— Да ты совсем ума лишился, — усмехнулся Риэр, закрыв за собой дверь и скрестив руки на груди, — а если бы кто-то вошел?
Зяблик поднял на него смеющиеся глаза и беззаботно подмигнул.
— Часто ли в твои покои врываются те, кого сюда не приглашали, нильфгаардский принц? — осведомился он с вызовом.
Риэр пожал плечами:
— Ну вот сегодня, например, — ответил он.
Юлиан, усмехнувшись, отложил в сторону лютню, медленно поднялся — колыхнулись складки шелковой рубахи, заструившись вокруг его тонкого легкого стана, и тревоги улетучились из головы принца, словно их смыло летним дождем.

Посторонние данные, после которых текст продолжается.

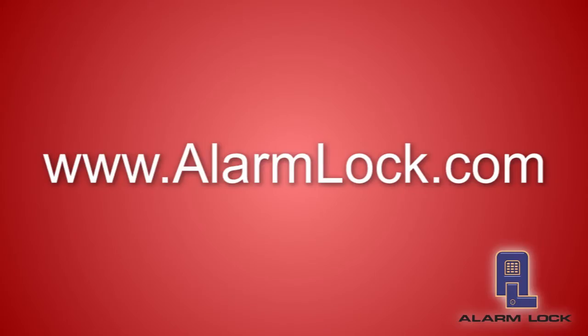If you'd like more information on these products, please go to our website, AlarmLock.com. Click on the contact page for your local Alarm Lock representative or regional sales manager. If you'd like to purchase products, please go to your favorite Alarm Lock distributor and place your orders. Thank you very much.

Зяблик пересек спальню, остановился перед Риэром, не спеша его обнимать, и заглянул ему в глаза. Взгляд Юлиана, до того шутливо сияющий, вдруг стал внимательным и печальным.
— Я слышал новости, — шепнул он, — Риэр, мне так жаль…
Принц растерянно моргнул. Удивительным образом, лишь увидев Зяблика, он мгновенно позабыл о тягостном визите к отцу и даже о страшном известии о его здоровье. Но взор обращенных на него печальных голубых глаз словно сломал в нем какую-то преграду, заставив потаенную грусть вылиться наружу, как реку, больше не сдерживаемую плотиной. Он опустил плечи и вздохнул, чувствуя, как защипало в носу.
— Мы все знали, что так будет, — ответил он тихо, и Зяблик наконец обнял его, прильнул всем телом и застыл.
— Такие новости никогда не бывают ожидаемыми, — прошептал он, — я вот, к примеру, знаю, что моя мать — человек, и она стареет. Но мне больно представлять, что будет, когда ее путь подойдет к концу, и она покинет нас с отцом.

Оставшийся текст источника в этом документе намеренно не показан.